__Data for this exercise__:
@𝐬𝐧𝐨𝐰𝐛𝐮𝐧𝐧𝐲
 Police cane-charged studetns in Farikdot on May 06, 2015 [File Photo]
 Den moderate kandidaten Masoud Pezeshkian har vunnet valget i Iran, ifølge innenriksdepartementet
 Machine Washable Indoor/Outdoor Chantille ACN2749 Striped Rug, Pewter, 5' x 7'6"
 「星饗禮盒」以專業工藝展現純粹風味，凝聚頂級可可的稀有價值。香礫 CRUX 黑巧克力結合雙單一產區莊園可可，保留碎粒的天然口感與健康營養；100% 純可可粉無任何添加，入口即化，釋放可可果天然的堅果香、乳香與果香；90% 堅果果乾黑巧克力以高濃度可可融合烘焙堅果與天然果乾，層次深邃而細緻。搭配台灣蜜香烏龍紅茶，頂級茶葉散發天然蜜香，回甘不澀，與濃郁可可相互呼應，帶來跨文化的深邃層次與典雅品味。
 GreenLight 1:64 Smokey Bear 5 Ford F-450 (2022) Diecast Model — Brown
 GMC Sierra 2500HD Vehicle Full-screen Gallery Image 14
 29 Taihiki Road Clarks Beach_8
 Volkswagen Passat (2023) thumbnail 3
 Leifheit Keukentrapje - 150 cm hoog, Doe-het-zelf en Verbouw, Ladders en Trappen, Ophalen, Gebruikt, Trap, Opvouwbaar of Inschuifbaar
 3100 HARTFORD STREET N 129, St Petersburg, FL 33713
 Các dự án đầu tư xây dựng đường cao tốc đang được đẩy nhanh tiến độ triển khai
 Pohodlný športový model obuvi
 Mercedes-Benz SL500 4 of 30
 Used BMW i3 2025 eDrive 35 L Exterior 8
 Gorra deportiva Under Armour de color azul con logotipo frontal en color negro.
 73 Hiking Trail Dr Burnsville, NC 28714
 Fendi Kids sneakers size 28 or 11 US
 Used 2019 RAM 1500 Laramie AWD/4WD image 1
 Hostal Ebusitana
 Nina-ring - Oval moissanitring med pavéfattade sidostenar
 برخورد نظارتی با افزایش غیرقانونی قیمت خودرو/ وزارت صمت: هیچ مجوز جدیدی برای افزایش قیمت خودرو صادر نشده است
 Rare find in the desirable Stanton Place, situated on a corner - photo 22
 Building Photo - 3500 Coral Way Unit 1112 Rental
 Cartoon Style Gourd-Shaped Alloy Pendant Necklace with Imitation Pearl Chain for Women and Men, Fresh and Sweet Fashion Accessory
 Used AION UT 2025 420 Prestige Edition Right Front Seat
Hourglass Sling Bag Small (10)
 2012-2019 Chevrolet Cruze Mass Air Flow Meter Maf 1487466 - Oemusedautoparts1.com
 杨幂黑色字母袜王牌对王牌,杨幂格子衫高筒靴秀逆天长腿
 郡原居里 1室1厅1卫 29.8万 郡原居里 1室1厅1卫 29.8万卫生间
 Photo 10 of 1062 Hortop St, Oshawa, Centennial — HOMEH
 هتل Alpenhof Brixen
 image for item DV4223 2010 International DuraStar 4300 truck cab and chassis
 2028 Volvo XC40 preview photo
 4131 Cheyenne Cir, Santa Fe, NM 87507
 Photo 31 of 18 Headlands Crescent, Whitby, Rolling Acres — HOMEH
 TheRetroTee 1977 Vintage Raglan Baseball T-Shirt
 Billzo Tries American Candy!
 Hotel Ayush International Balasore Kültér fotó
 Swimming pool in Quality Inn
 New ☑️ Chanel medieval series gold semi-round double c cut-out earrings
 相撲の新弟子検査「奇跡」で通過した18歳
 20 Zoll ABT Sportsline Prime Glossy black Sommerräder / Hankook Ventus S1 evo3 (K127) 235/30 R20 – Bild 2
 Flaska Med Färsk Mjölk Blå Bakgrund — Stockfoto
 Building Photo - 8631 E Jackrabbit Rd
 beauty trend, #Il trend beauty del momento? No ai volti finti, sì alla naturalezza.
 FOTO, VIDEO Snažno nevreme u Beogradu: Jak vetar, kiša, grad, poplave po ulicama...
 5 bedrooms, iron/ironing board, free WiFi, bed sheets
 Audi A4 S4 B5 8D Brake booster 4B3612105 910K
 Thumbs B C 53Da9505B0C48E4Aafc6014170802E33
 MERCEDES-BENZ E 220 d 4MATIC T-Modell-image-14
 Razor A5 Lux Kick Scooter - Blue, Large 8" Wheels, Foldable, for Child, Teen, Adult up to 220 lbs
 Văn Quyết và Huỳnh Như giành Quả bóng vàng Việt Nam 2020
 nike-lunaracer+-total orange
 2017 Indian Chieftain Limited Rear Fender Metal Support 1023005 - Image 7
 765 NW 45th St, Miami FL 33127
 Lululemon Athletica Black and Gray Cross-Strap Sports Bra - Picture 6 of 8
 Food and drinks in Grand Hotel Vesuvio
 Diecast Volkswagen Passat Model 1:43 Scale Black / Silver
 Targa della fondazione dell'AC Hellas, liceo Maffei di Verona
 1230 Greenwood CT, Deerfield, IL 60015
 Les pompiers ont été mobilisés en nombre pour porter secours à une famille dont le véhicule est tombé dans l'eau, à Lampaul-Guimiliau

__Directions__: Go through the records and report each line that contains "Building".

__Exercise solution__:
 Building Photo - 3500 Coral Way Unit 1112 Rental
 Building Photo - 8631 E Jackrabbit Rd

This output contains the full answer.